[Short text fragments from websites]
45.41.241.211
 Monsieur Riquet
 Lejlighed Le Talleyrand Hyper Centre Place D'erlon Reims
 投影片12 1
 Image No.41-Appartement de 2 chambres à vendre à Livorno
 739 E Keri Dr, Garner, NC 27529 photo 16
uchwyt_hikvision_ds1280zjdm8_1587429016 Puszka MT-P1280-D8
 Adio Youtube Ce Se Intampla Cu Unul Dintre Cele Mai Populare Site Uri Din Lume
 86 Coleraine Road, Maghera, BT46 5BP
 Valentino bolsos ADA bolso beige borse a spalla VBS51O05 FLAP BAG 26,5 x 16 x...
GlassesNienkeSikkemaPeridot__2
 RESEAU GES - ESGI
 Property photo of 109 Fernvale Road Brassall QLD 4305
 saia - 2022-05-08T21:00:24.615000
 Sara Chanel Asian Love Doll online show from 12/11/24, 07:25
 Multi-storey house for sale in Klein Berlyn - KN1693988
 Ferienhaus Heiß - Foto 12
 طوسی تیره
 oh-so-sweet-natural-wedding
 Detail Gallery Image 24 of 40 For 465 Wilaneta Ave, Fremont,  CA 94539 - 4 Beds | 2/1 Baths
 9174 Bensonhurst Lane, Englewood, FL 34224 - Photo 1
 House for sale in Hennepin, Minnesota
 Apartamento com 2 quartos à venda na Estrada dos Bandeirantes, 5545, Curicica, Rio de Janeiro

Task to carry out: When a line among the entries contains "sale", pull that line out.

Task output:
 Multi-storey house for sale in Klein Berlyn - KN1693988
 House for sale in Hennepin, Minnesota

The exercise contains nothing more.